Problem description:
Restate verbatim the span of lines below between the line with "Luxury Villa Sušanj photo 1" and the line with "Dressbarn To Close", including those two lines, and only that span.

Record excerpts:
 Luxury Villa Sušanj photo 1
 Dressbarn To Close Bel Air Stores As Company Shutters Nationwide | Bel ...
==
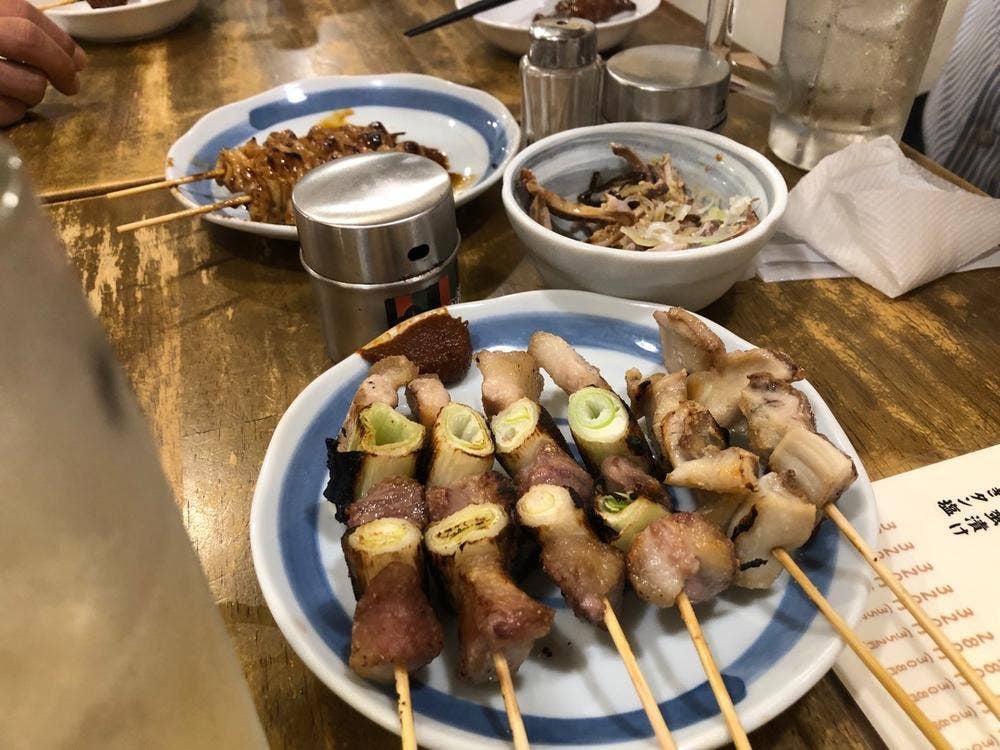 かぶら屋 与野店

Output for this exercise:
 Luxury Villa Sušanj photo 1
 Dressbarn To Close Bel Air Stores As Company Shutters Nationwide | Bel ...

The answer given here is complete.